The most important consideration here and now is that Cellino is installed in LS11, that he is making all the decisions, for good or ill – and that he has already wrought enormous changes at Yorkshire’s premier club, with much, much more change in the pipeline. That much is indisputable fact. The ongoing revolution promises, but is not limited to, the repurchase of the Elland Road stadium, and its subsequent redevelopment, the building of a new training complex much closer to the club, the continuing reorganisation of the football side of things including transfer policy and, for all we know, the ongoing hiring and firing of several more coaches before Christmas (although plainly we’re not one of those awful Watford-type clubs that have already had half-a-dozen managers since August…)

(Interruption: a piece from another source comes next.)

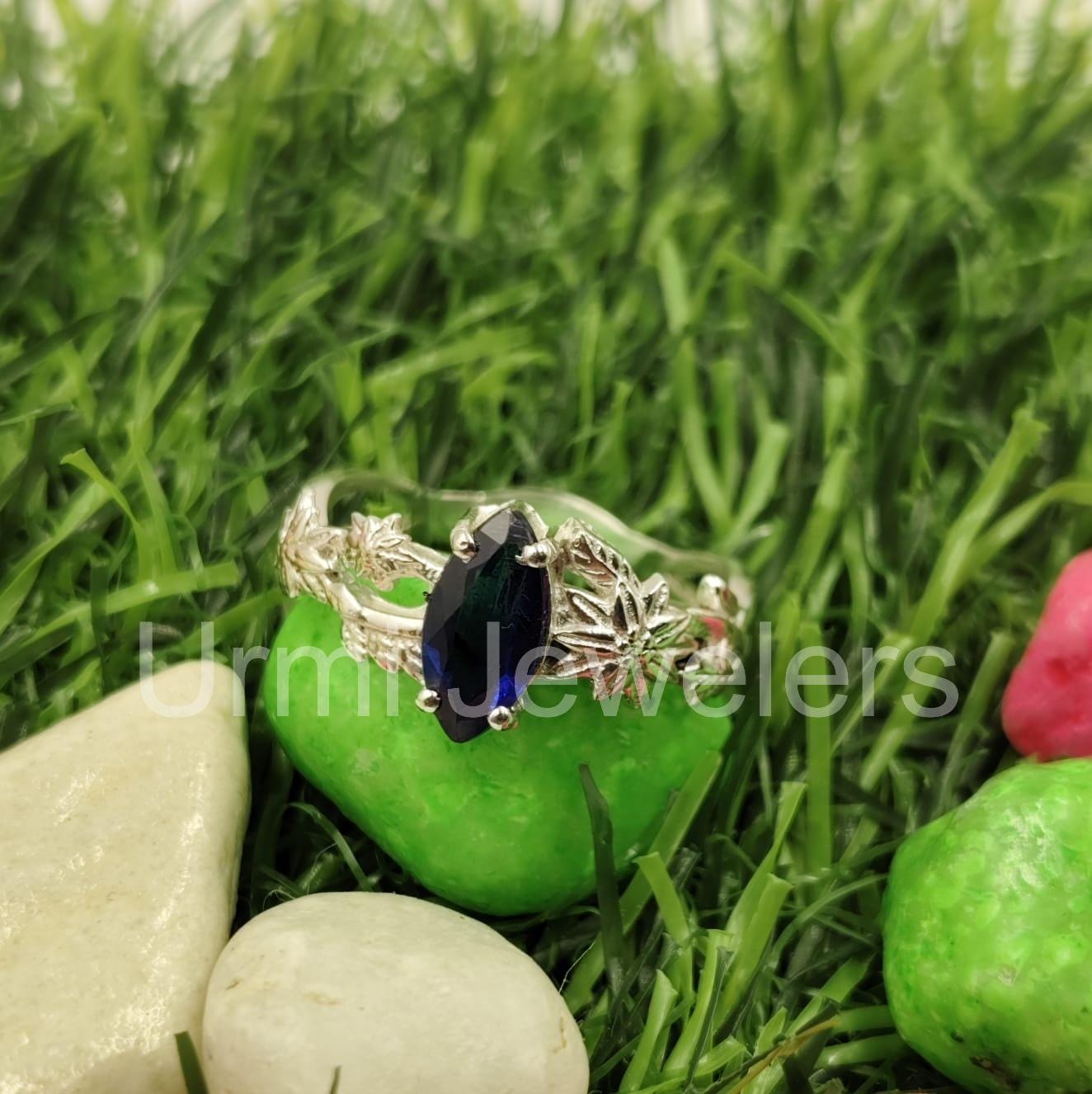 サファイア　リング　マーキス　silver925 指輪 ブルーサファイア マーキスカット0.949ct シルバーSV925リング 指輪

It is the undeniable fact of Massimo being the man in possession that is crucial here. The “Fit and Proper Test”, by its own exacting conditions, is clearly intended to be a fail-safe tool whereby prospective owners and directors may be assessed ahead of assuming control, in the absence of any opportunity to see how they shape up in action. By that reckoning, Cellino should already be beyond the scope of such a precautionary measure. He has been in situ and extremely active – with a high degree of success, it must be said – for a good few months now. The financial state of the Football League’s most illustrious member club has been improved beyond all recognition; the squad has been revamped courtesy of some rather effective recruitment and at least one thieves’ bargain of a sale. In short, Cellino has dispensed with the need for any pre-emptive, anticipatory “Fit and Proper Test”, by the simple expedient of getting in and doing a fantastic job; he has shown that he is a fit and proper owner of Leeds United by dragging the club up by its bootstraps and improving things enormously, in a relatively short space of time. The future now looks bright for the Whites.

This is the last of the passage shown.